Starbucks, the world’s largest coffee chain, has outperformed the Standard & Poor’s 500 Index by 17 percentage points since 14 October, while Arabica coffee for May delivery has fallen 37 per cent during the same period.
There’s a strong, inverse correlation between the relative performance of Starbucks’ stock and coffee prices because this commodity is “one of the biggest inputs” affecting its profitability, said Sara Senatore, an analyst at Sanford C. Bernstein in New York, who maintains an outperform recommendation on the shares. As a result, when prices fall, earnings improve because coffee represents as much as 20 per cent of the company’s cost of sales, she estimated.
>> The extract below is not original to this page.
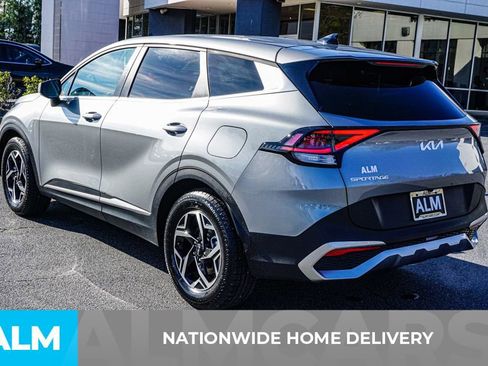 Used 2024 Kia Sportage LX image 5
Coffee is the most volatile commodity in the past year, driven by changes in weather in Brazil, the world’s biggest producer and exporter. After surging as much as 11 per cent to 2015’s high in mid-January, rains in Brazil improved crop prospects and prices are now at the lowest since February 2014. That followed the country’s most-severe drought in decades, which damaged crops in early 2014.
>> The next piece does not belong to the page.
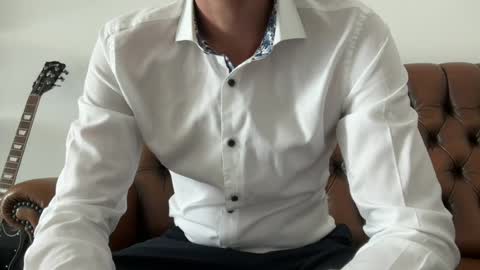 Snapshot of oldschoolgentleman1 chatting on June 20, 8:17 am oldschoolgentleman1 online show from June 20, 8:17 am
While Starbucks usually contracts its purchases of coffee beans and pays a premium to the futures-market prices, “when the price is attractive, the company tends to buy more,” Senatore said. “What Starbucks is paying for coffee correlates with what the commodity market looks like.”
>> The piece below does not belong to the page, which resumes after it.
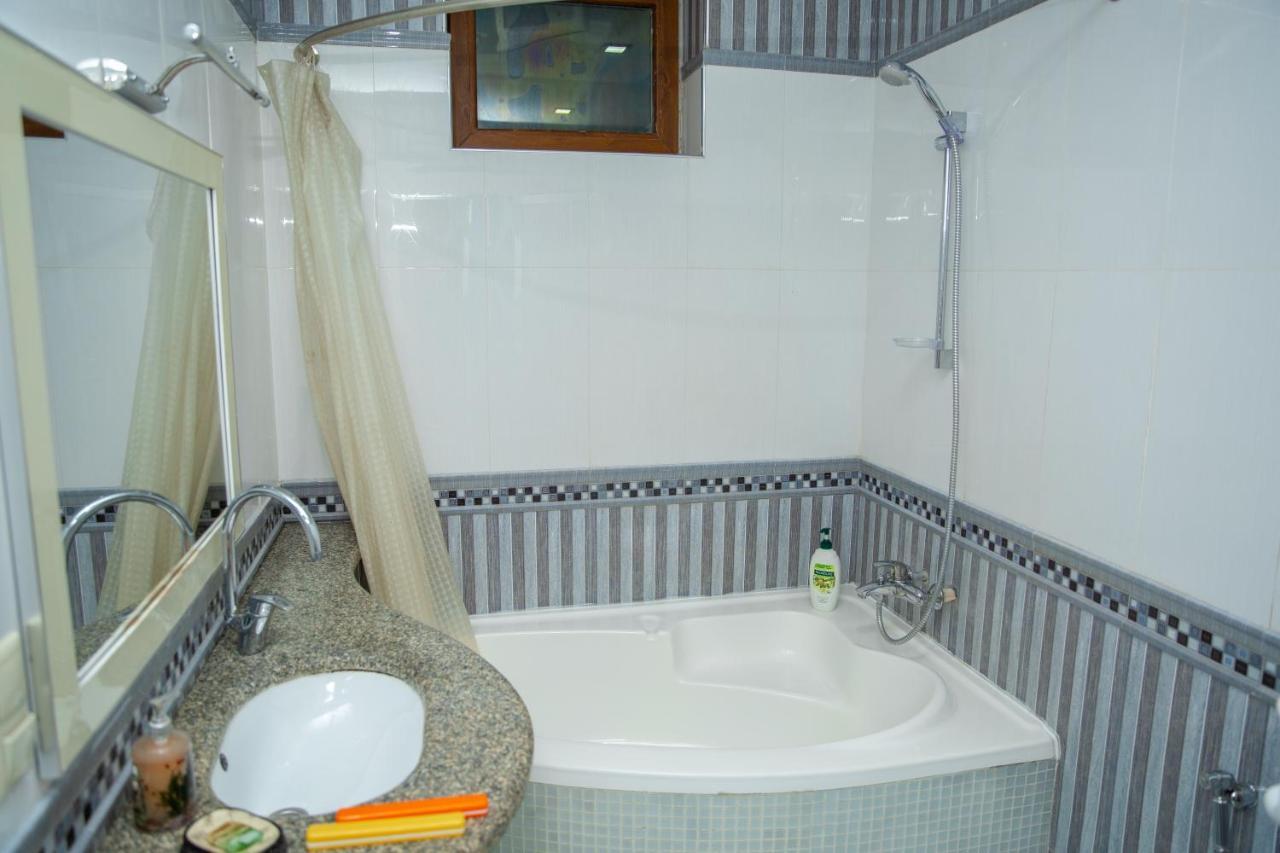 Samarkand Luxury Apartament #1 Appartement Buitenkant foto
Starbucks’ fiscal first-quarter profit rose 82 per cent as new food and drink offerings boosted sales and customer traffic rose 2 per cent at locations open at least 13 months in the Americas, the company said 22 January. The results were welcome news to investors, particularly the acceleration in traffic, Senatore said. The stock rose 6.6 per cent the following day, the biggest gain since July 2013.